From the line that contains "Two dashed lines" down to the final line below, please repeat each line exactly and nothing more, with no pictures.
[Information shown]
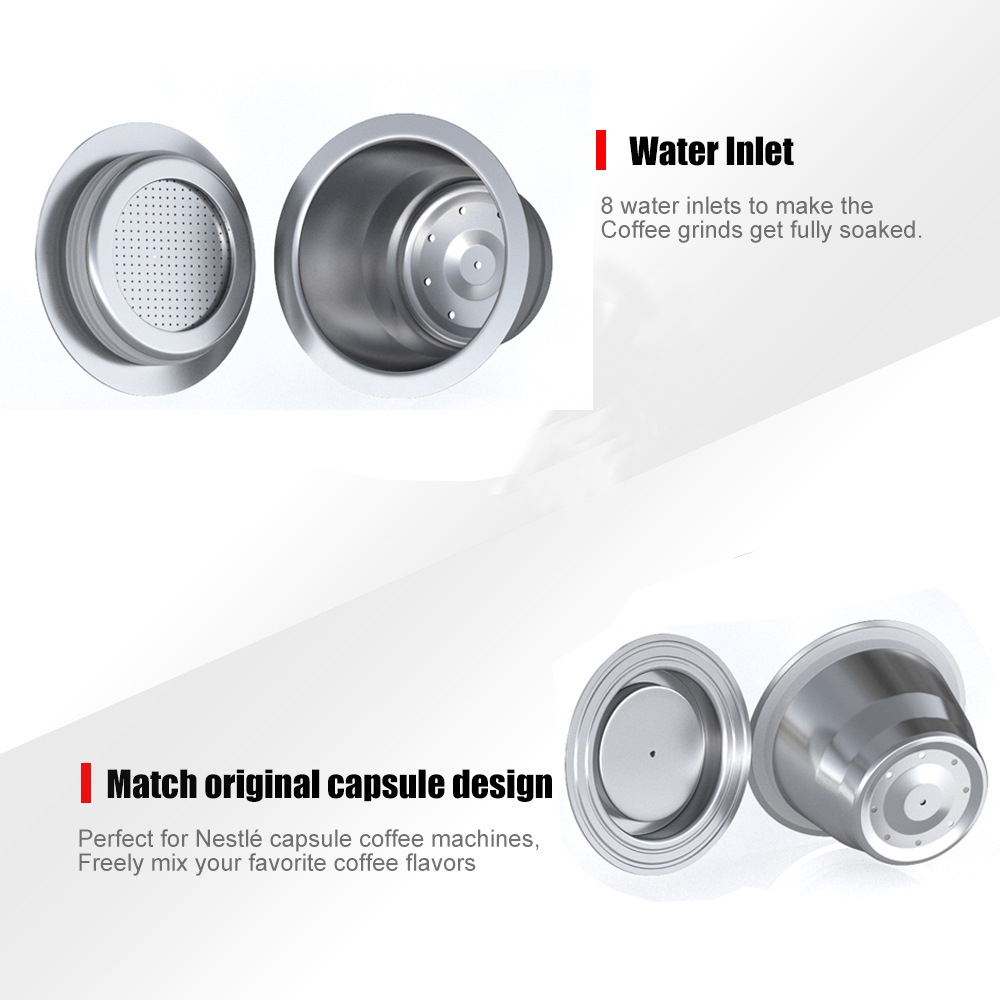 DD2475 Stainless Steel Refillable Coffee Espresso Pods Cafe Reusable Coffee Capsules Kit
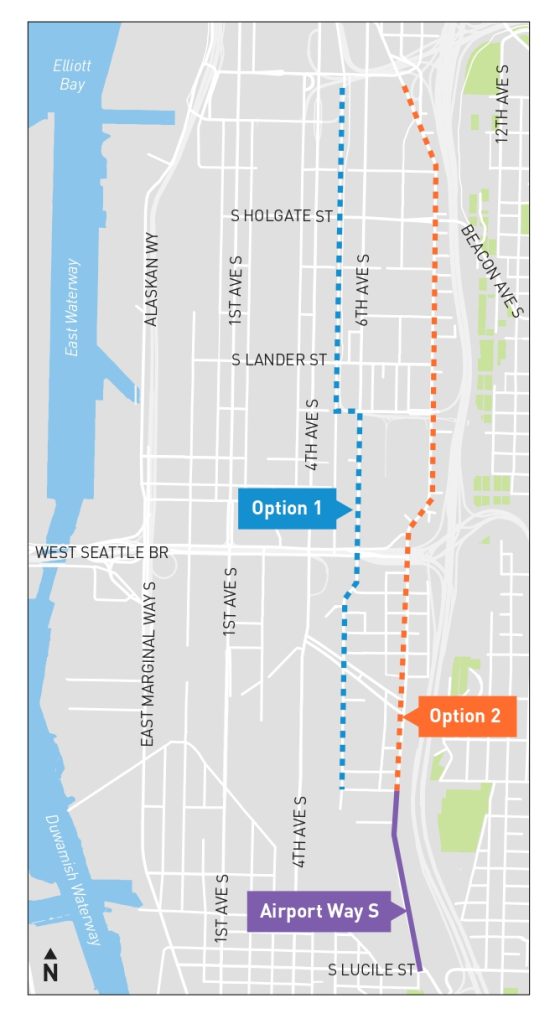 Two dashed lines on a map showing the two options as described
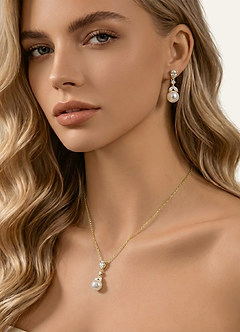 front Pear Cut Pearl Drop Necklace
[/Information shown]
The completed task >>
 Two dashed lines on a map showing the two options as described
 front Pear Cut Pearl Drop Necklace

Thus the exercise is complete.